We’ve been anticipating disaster since before we arrived in Rijeka. We now face the very real and—gulp—more likely possibility that we won’t be able to use Galeb after all, due to the aforementioned bureaucratic glitch, which, the Theatre regrets, seems beyond even the Mayor’s control. With only six days until our scheduled performance, time has become an enemy, forcing us to make some unwieldy and uncomfortably quick decisions.




When we first met with Marin, the Theatre’s General Manager, he encouraged us to create something scalable. That way, should some logistical concern arise, we could modify our concept. “If you decide not to show anything in the end, that’s totally OK,” he insisted. We dismissed that immediately. Spend five weeks working with actors at the Croatian National Theatre and NOT make something epic? Yeah, right.

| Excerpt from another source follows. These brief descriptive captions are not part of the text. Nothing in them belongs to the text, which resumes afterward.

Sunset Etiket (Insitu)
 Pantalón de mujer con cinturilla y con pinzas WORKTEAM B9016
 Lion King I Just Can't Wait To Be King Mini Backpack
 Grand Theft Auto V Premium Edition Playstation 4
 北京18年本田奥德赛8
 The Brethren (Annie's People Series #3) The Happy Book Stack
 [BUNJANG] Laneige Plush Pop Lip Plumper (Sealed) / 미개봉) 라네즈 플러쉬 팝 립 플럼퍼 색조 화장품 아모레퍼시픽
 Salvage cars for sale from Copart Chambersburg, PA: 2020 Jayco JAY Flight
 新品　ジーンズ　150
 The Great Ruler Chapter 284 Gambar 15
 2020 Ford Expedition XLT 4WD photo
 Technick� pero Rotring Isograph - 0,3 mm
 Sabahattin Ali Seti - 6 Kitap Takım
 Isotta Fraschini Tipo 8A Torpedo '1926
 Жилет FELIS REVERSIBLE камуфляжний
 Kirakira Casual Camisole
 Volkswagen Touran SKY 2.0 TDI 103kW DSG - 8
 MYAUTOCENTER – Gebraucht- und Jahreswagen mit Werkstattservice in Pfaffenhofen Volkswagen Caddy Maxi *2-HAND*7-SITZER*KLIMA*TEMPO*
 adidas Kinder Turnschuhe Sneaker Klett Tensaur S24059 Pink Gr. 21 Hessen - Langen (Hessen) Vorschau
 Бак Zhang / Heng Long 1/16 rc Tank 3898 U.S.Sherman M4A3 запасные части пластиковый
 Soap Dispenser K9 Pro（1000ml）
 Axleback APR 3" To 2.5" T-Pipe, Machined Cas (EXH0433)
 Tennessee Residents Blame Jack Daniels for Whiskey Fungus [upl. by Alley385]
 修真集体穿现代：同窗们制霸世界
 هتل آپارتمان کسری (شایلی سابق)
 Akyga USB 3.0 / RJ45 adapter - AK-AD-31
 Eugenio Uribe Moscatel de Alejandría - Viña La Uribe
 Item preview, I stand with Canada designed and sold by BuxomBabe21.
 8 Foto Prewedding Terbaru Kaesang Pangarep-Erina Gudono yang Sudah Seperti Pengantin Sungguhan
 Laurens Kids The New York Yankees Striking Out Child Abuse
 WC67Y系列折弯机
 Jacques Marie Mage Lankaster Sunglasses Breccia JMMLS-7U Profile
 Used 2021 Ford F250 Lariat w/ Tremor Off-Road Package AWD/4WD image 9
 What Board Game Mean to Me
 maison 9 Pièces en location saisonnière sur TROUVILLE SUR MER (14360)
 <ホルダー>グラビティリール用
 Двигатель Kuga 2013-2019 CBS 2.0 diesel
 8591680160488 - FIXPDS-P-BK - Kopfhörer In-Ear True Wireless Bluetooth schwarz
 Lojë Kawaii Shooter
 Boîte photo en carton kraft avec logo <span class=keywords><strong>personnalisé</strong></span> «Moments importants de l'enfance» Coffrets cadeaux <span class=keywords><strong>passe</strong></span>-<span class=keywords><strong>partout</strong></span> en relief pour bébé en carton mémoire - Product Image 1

The rehearsal room is unbearably stuffy. It’s ninety-one degrees outside, and we work indoors all day without fans or air-conditioning. Our actors are stretched thin between several projects, and, though they’re sincerely enjoying our work, they’re exhausted. Kim and I, too, are burning out. We’re working overtime, not only as co-directors, but also co-stage managers, choreographers, producers, and designers. The temptation to quit and hit the beach is stronger than ever. Do we pledge the little energy we have towards this seemingly impossible final stretch? Or do we spare ourselves the struggle and let WRECKED die on the vine?


Since we arrived, we’ve been telling everyone in town about what we’re doing. Opinions vary. We’ve heard everything from “Cool!” to “What is Galeb?” to “Don’t go on that ship; it’s going to sink any day now.” The unanimous consensus, however, is that the citizens of Rijeka are annoyed about the ship’s inaccessible location in the port. According to the locals we’ve met, it costs the city approx. €130,000.00 annually to maintain the ship and keep a security guard onboard at all times. Yet, when we went aboard two weeks ago, the only thing that the security guard seemed to be working on was his tan.

A barbed wire fence now separates the ship from the street. From the outside, €130,000 does seem dubiously high. “Babies here are dying of cancer,” our dramaturg told us when we arrived. “How do people here feel about Galeb? They feel pissed off that their tax dollars pay for it to sit there and rust.”


We took this to heart at the outset of our process. The last thing we wanted was for the local audience to perceive our work through a contentious lens. We came here to build bridges, not to burn them. Yet now, ironically, we can on some level relate to the frustration the locals feel about this ship. Indeed, what is it doing here, particularly if no one is allowed to see it up close, let alone engage with its historical significance in any meaningful way? It’s a cool relic, for sure. But at a distance, it’s an eyesore. There are plans to spend millions of euros on renovations to make the ship a tourist destination. But the people here seem divided about whether or not that would be a good thing. For years the citizens have been paying to keep it afloat, just barely out of reach. “Why?” they ask. Why not chop it up and feed it to the fishes?

To give you a more detailed picture of what we’ve been making: we have been working with five actors—three men, two women—to create living, breathing, ghostlike installations in various rooms on this haunted ship. The idea is not to represent figures such as as Tito, Kennedy, and Liz Taylor in some literal way. Rather, the actors embody a range of these characters’ archetypes using a nuanced, physical language. These isolated tracks eventually coalesce in a final, climactic group scene. Spoiler: it involves a dance number.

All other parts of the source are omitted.